Each TAC statement has this general form : result = operand1 operator operand2
For example, here are some TAC statements:
a = 1 x = a * 3 if x > a goto test param "dddd" call print test: param "asdf" call print
In this post, we will see some of the local optimizations that can be applied on TAC. A local optimization is an optimization that is applied locally to a basic block. A basic block is a set of TAC statements that has only one entry point and one exit point. Once the first instruction of the basic block is executed, the rest of the instructions are necessarily executed exactly once. These optimizations are easy to design and implement. If you want to run global optimizations (through all the basic blocks of a function) or even Interprocedural Optimization (IPO), you will need a far more complex framework to run optimizations. I will try to write something on global optimization when I will have implemented some of them in EDDI.

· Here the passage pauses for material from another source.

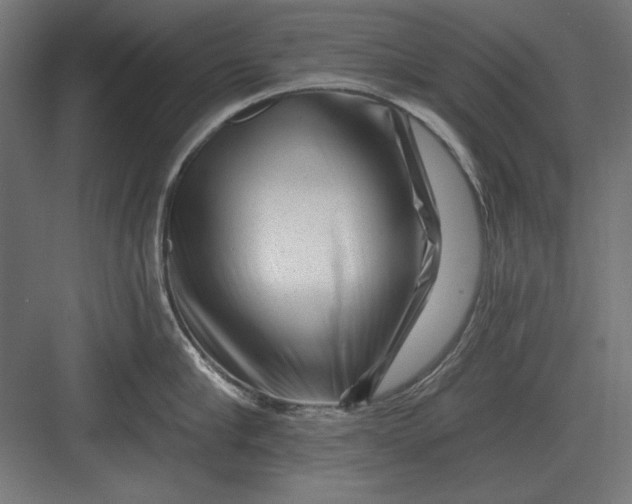 X0000082930910200702152144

The goal of optimization is of course to replace some statements with more efficient statements.
The list presented in this post is not exhaustive, this is only the optimizations that I’ve implemented in EDDIC, but this represent most of the local optimizations.
The first three optimization techniques can be applied independently on each statement of the program.
1. Arithmetic Identities
The first optimization is about arithmetic identities. There are some properties in math that we can use to simplify simple TAC statement.

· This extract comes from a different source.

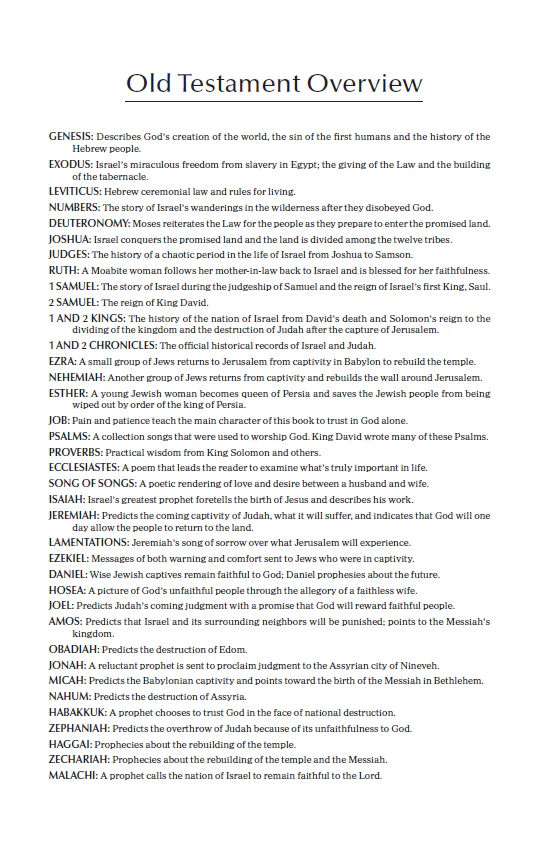 NIrV, Economy Bible, Paperback: Easy to read. Easy to share. - Image 4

Here are all the identities that are simplified in EDDIC:
- x = a + 0 or x = 0 + a => x = a
- x = a – 0 => x = a
- x = 0 – a => x = -a
- x = a – a => x = 0
- x = a * 1 or x = 1 * a => x = a
- x = a * 0 or x = 0 * a => x = 0
- x = a * -1 or x = -1 * a => x = -a
- x = a / 1 => x = a
- x = a / -1 => x = -a
- x = 0 / a => x = 0
- x = a / a => x = 1
All the expressions on the right are more efficient to compute than the one on the left.
2. Reduce in strength
Another easy optimization is the reduction of strength of some math operations. For example, an addition is cheaper than multiplication and multiplication is cheaper than division. If your language does not have floating point math, the only reduction that can be done is this one:
Here are all the identities that are simplified in EDDIC:
- x = 2 * a or x = a * 2 => x = a + a
With floating point math, we can do a little better:
- x = a / 2 => x = a * 0.5
- x = a / 4 => x = a * 0.25
- etc…
3. Constant folding
When both operands on the right side of the TAC statement are integers, we can replace the math operation directly by the result of the computation.
With a and b being any integer, we can transform these TAC statements:
- x = 1 + 2 => x = 3
- x = 3 – 1 => x = 2
- x = 3 * 2 => x = 6
- x = 5 / 2 => x = 2
- x = 5 % 2 => x = 1
We can also use this optimization to simplify conditional jumps. For example, if 3 > 2 goto B2 can be replaced by goto B2.
More than being way more efficient statements, it also enables other optimization to be performed on the TAC program.